START RECORDS TO PROCESS

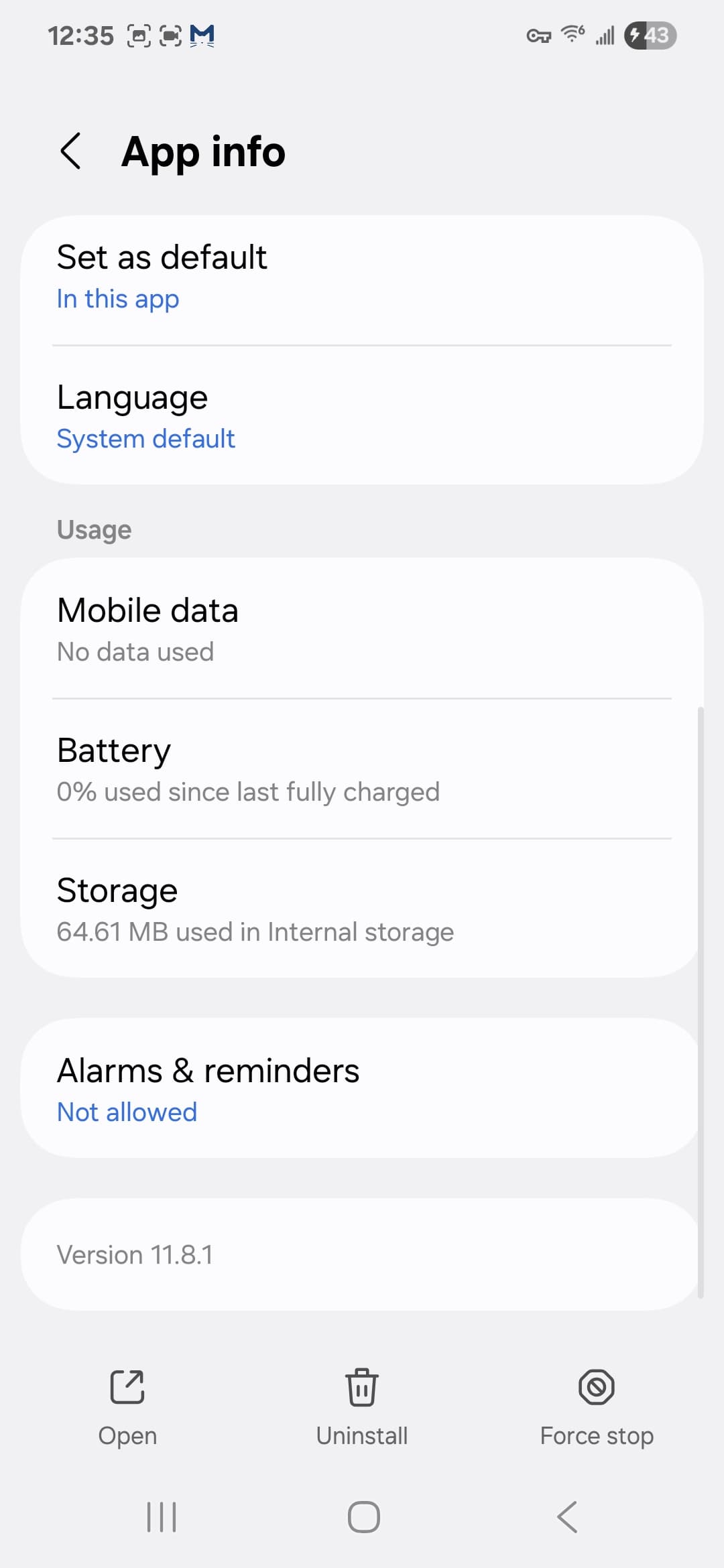 MyMercy Android settings 2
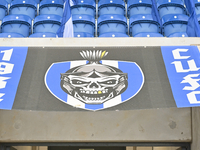 A club banner is inside the stadium during the Sky Bet League 2 match between Colchester United and Bromley at the Weston Homes Community St...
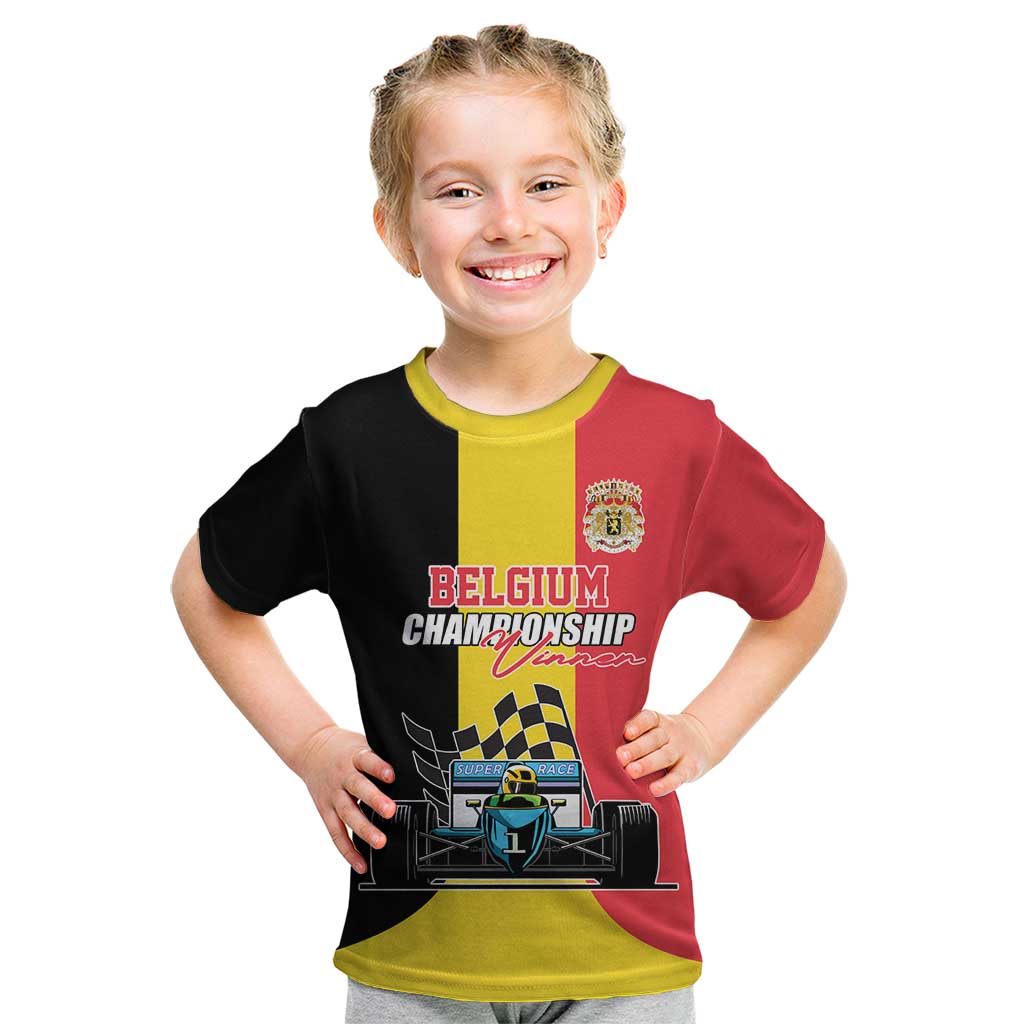 Custom Belgium Formula One Kid T Shirt Motorsport with Flag F1 World Championship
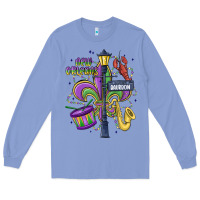 Colony Blue new orleans mardi gras streets Long Sleeve Tee - MaliasSmallBusiness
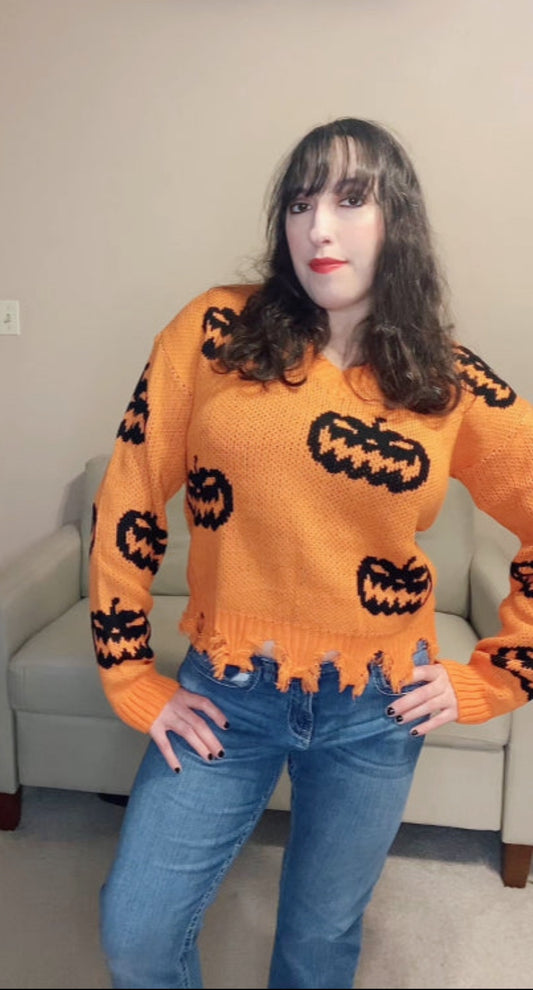 This is Halloween! Pumpkin Fray Sweater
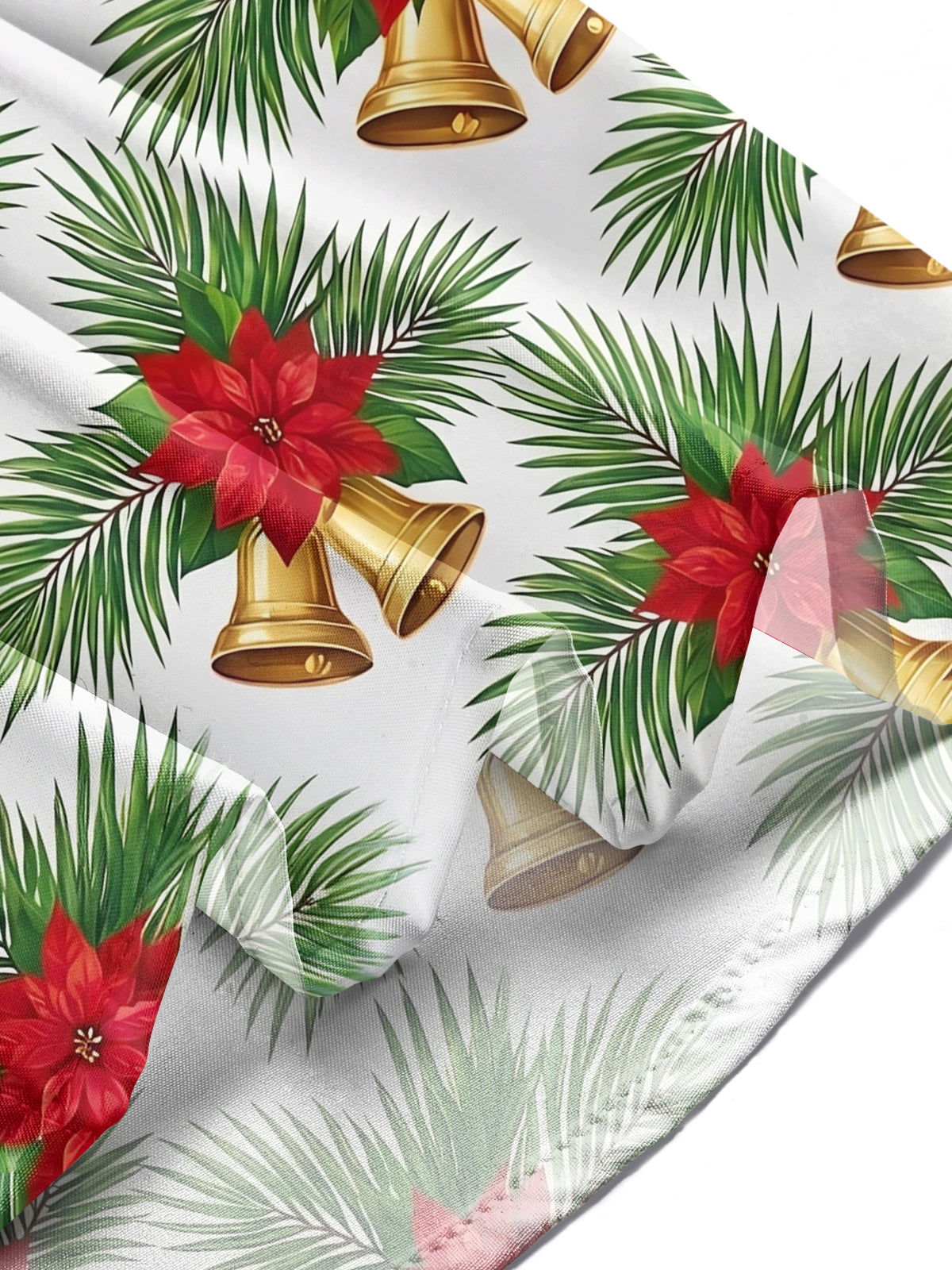 Adaychic Men's Hawaiian Christmas Poinsettia And Bells Print Long Sleeve Shirt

END RECORDS TO PROCESS

▸ **WHAT NEEDS TO BE DONE**
Everything from the line containing "Colony Blue new" through the last line of the entries must be repeated verbatim, except pictures.

▸ **SOLUTION FOR THIS TASK**
 Colony Blue new orleans mardi gras streets Long Sleeve Tee - MaliasSmallBusiness
 This is Halloween! Pumpkin Fray Sweater
 Adaychic Men's Hawaiian Christmas Poinsettia And Bells Print Long Sleeve Shirt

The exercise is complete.